Some say the success of London’s buses is because Transport for London has more power to regulate its network than other regions. Other local authorities want this power back, but face opposition from the large bus companies. We chart the struggle over bus operation from pre-1968 Transport Act, through deregulation to the dominance of the ‘Big Five’ today below.
Buses also have huge potential for reducing carbon emissions if they replaced more journeys by car on well-used routes as we outlined on the 'Climate impact of transport' page. According to a report commissioned by industry lobby group Greener Journeys, the “best-used bus services in the major urban centres may well be reducing carbon emissions by 75% or more”. 
Below we look at how buses could increase their appeal, but first, what makes a greener bus?

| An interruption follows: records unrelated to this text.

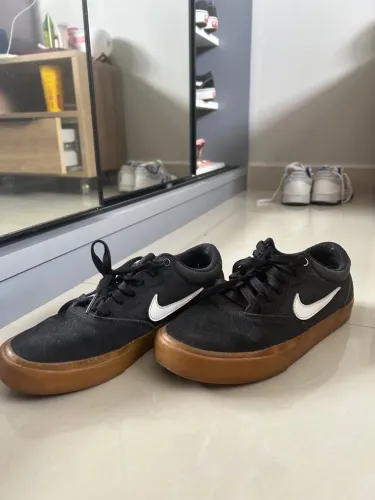 Tênis Nike SB CHRON SLR preto 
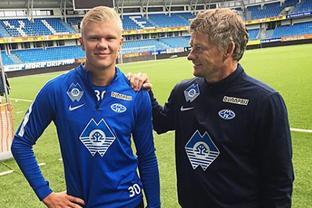 老当益壮！哈登是NBA历史单赛季达成1500+得分&500+助攻最年长的后卫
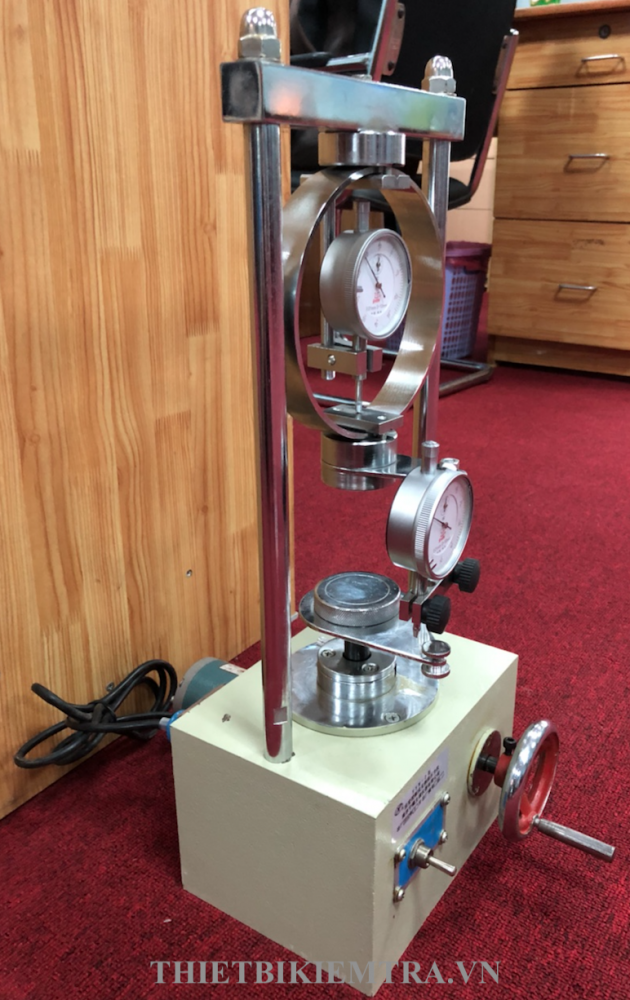 Máy nén đất 1 trục nở hông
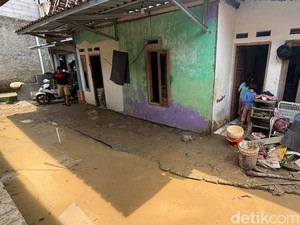 Banjir di Babakan Madang Bogor Surut, Warga Bereskan Sisa Lumpur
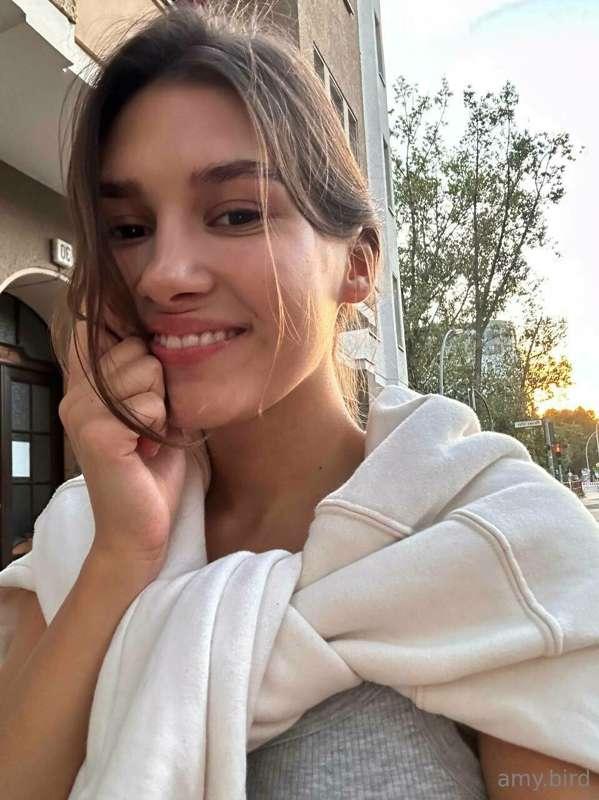 Keep smiling and believing in the best!🤪 I believe in you!😘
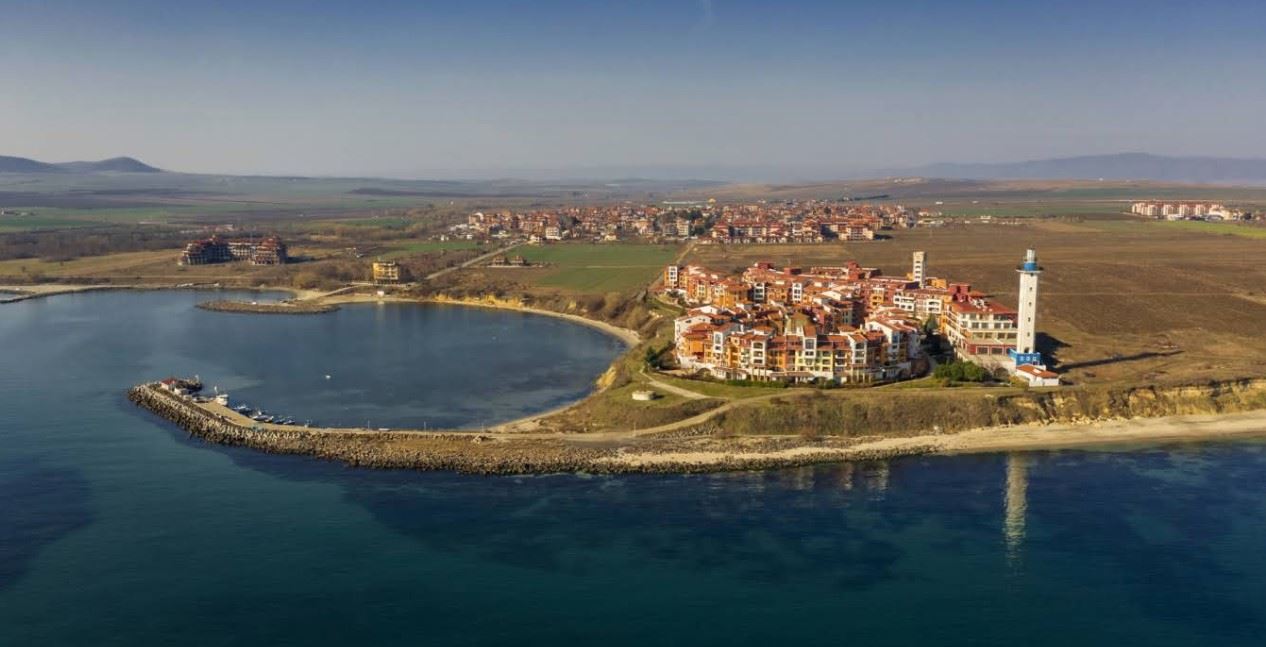 Studio v Aheloy v první linii s bohatým zázemím – ideální pro investici nebo rekreační bydlení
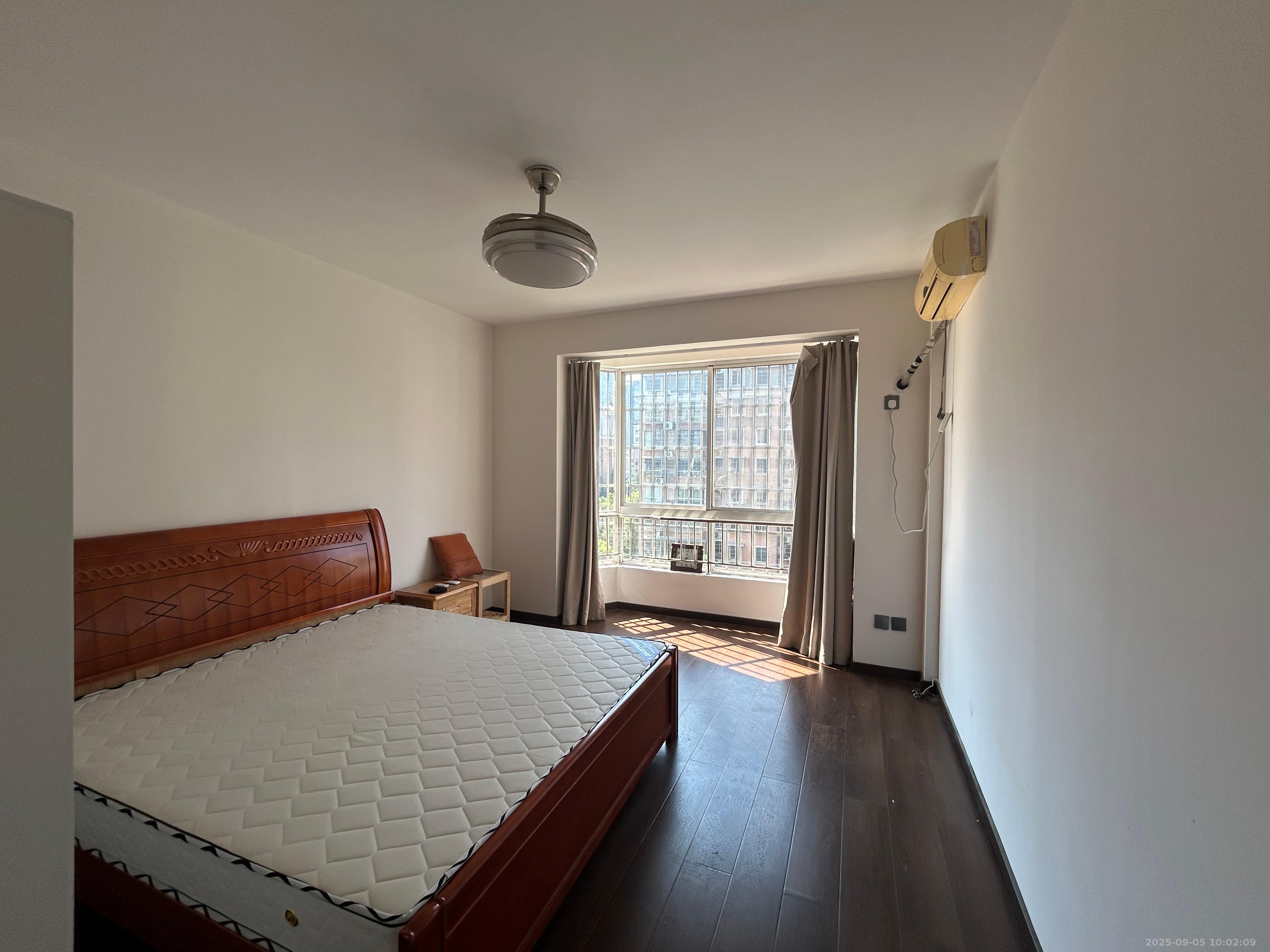 福乐康城 3室2厅1卫 2600.0元/月 福乐康城 3室2厅1卫 2600.0元/月室内图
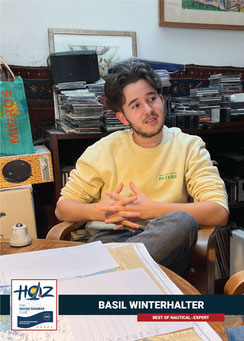 Basil Winterhalter, HOZ Crew Member, in kreativer Arbeitsatmosphäre während eines Hochseescheinkurses in Frankreich.
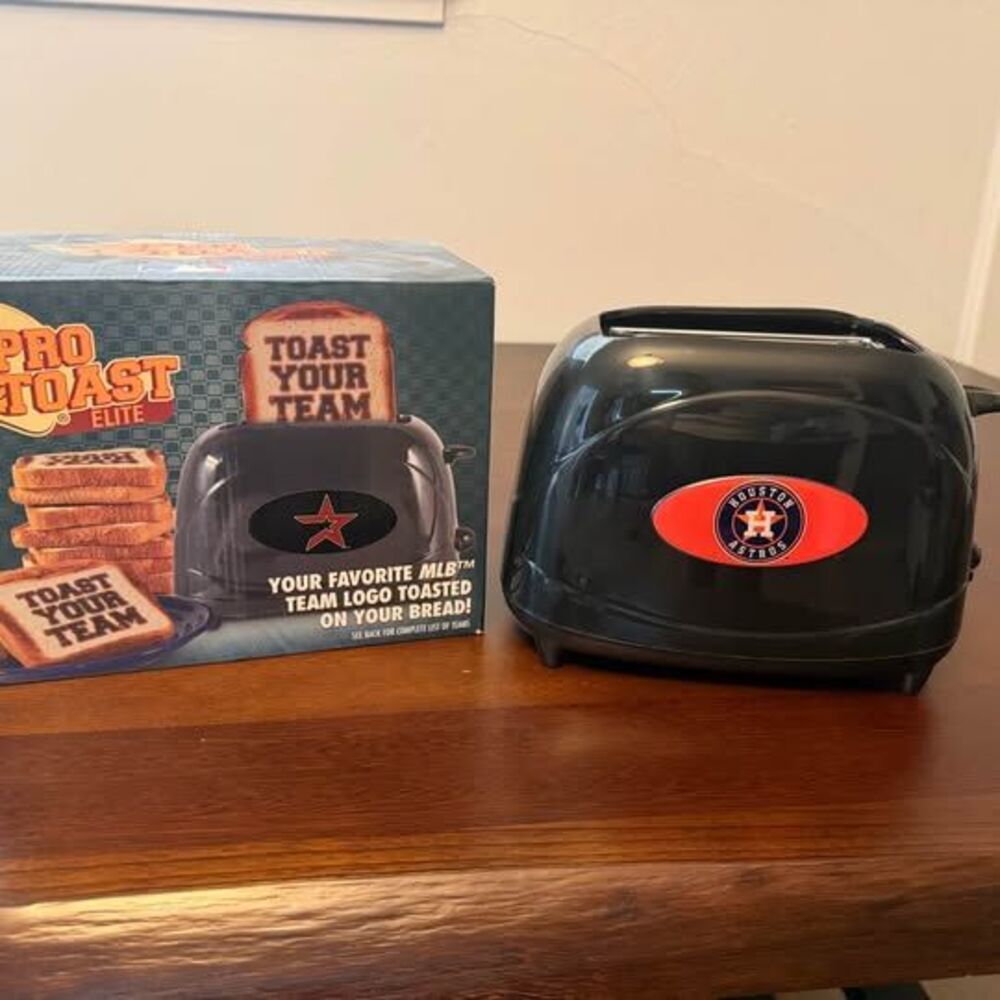 Houston Astros Pro Toast Elite Toaster – Toasts Team Logo on Bread – New in Box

Although buses only account for about 4% of UK road transport emissions and are generally seen as part of the solution to the climate crisis, there is still potential for environmental improvements.
The government runs a Green Bus Fund to encourage operators to buy Low Carbon Emission Buses (LCEBs), most of which are diesel-electric hybrids which cost about £100,000 more than a standard diesel bus. The fund is designed to support the industry until it reaches two points:
- firstly that manufacturers can achieve economies of scale, and
- secondly that more evidence emerges about fuel savings and reliability of hybrid buses and their batteries over time.
The Low Carbon Vehicle Partnership, a public-private partnership to accelerate the shift, has an online map showing what type of LCEBs are used where and by which companies.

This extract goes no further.